- [Task requirements]: Searching the material below, find each line that includes the word "عروس", and copy it.

** Opening Records provided block **

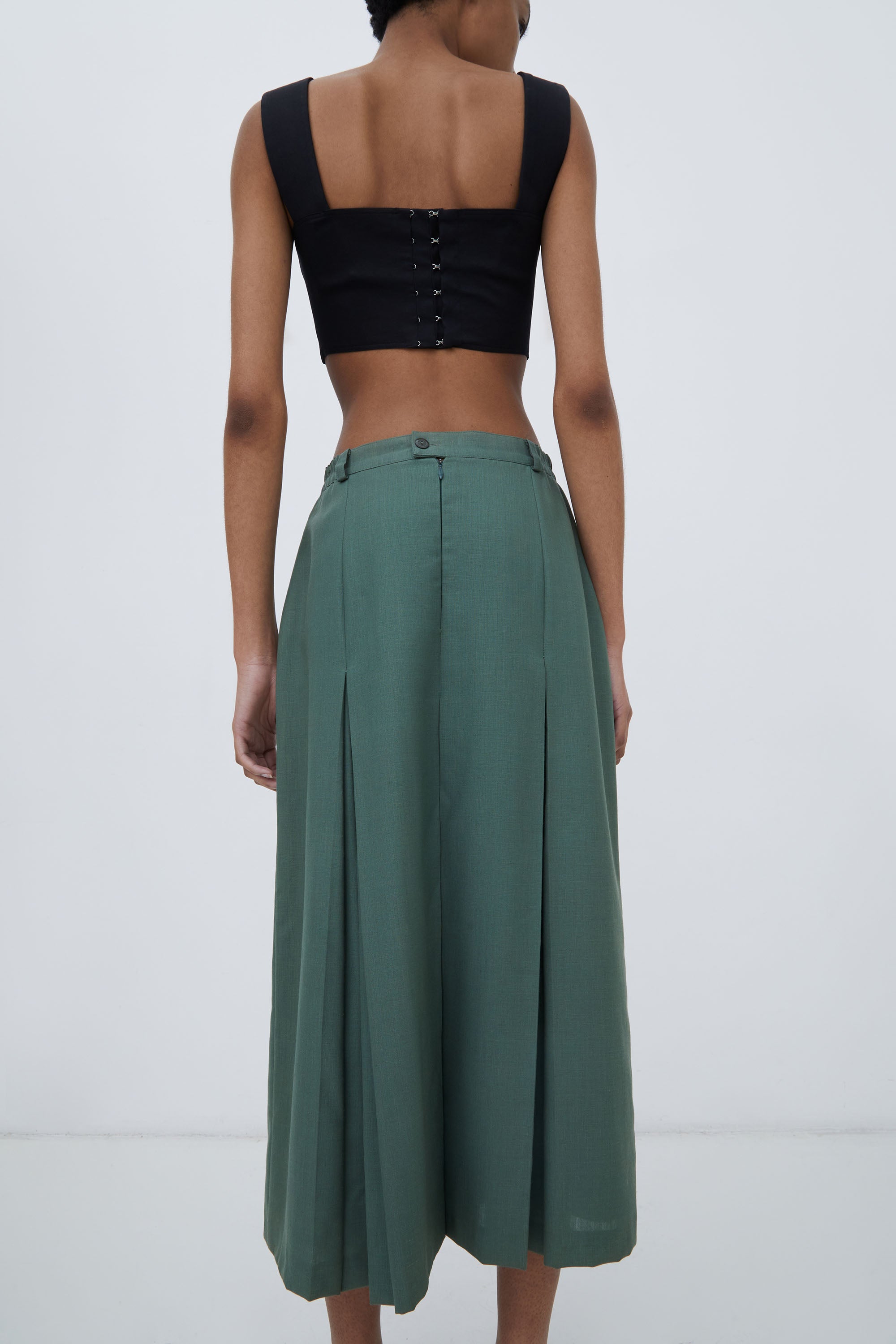 DEEP PLEATED SKIRT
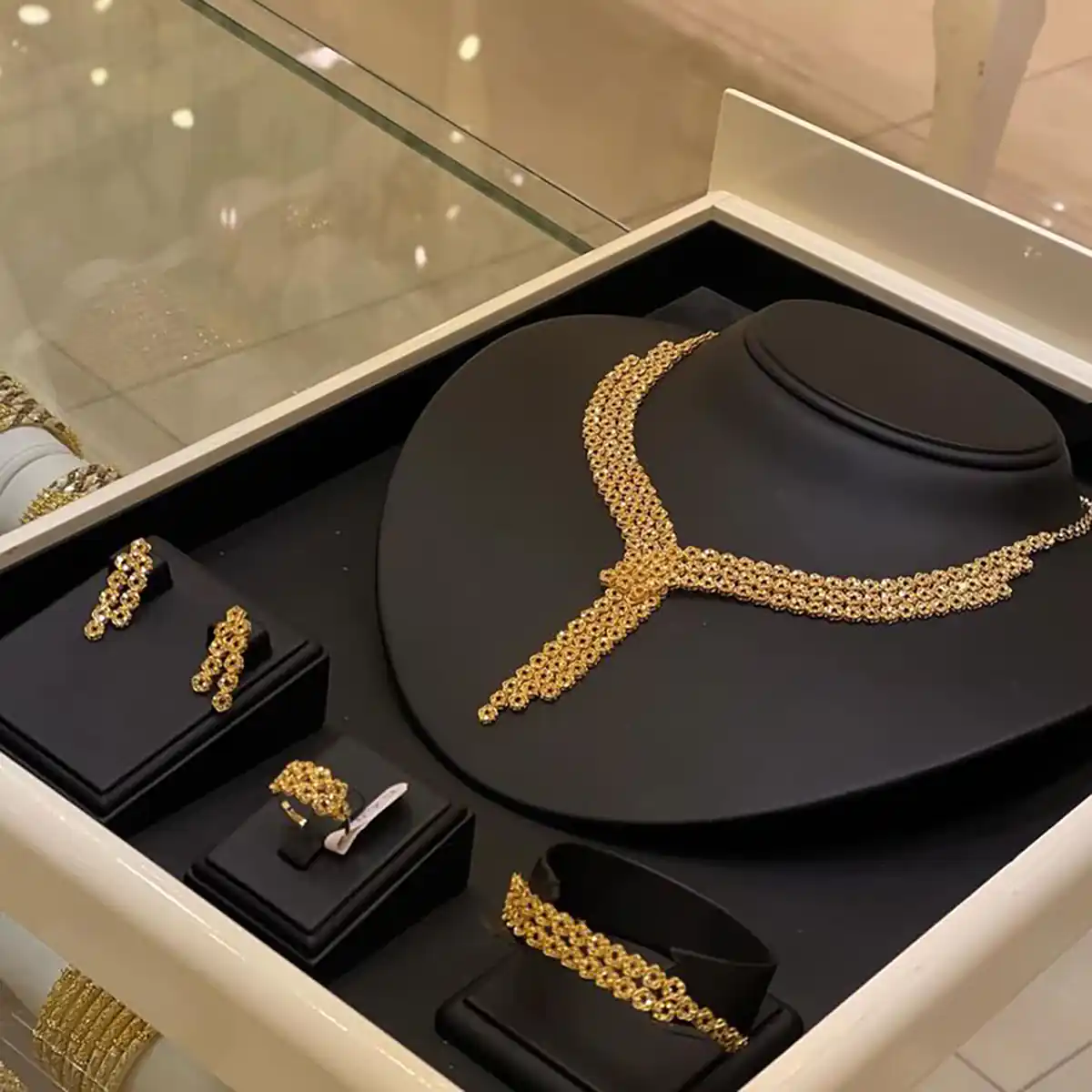 سرویس طلا لاکچری
سرویس طلا ظریف
سرویس طلا سفید
قیمت سرویس طلا عروس ۱۴۰۲
سرویس طلا عروس جدید
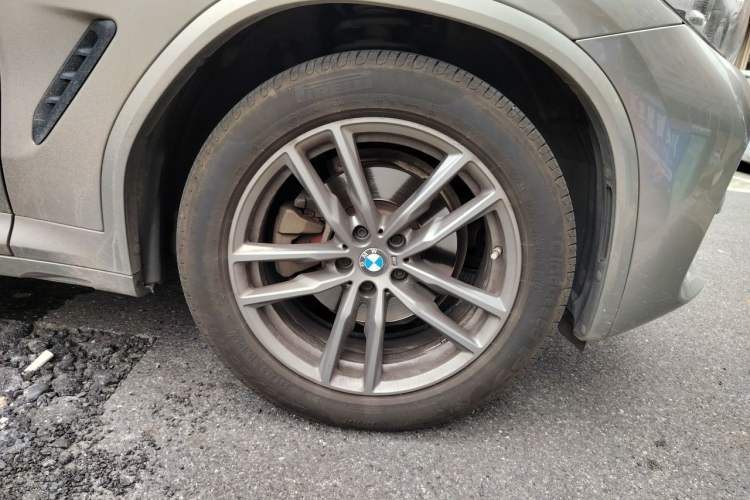 Used BMW X3 2020 xDrive28i M Sport Package Right Front Wheel Hub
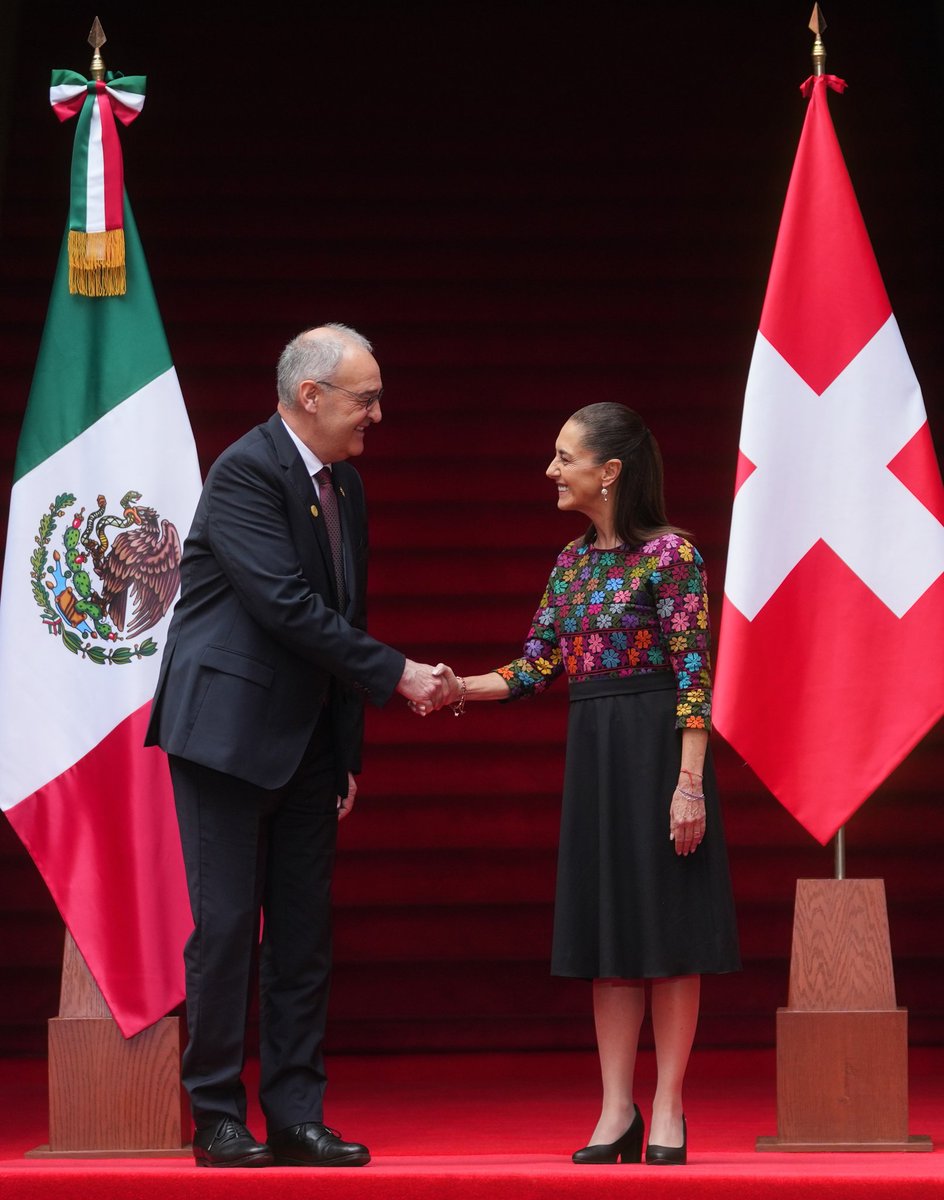 CH_Mexico's tweet photo. 🇨🇭🇲🇽 El Pdte. Guy Parmelin se reunió con la Pdta. Claudia Sheinbaum en el Palacio Nacional. Diálogo bilateral centrado en inversión, modernización comercial y beneficios concretos para ambas naciones.
#SuizaMéxico #Sheinbaum #Parmelin #Diplomacia https://t.co/S9STonyPd0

** Closing Records provided block **

- [Solution to the problem]:
قیمت سرویس طلا عروس ۱۴۰۲
سرویس طلا عروس جدید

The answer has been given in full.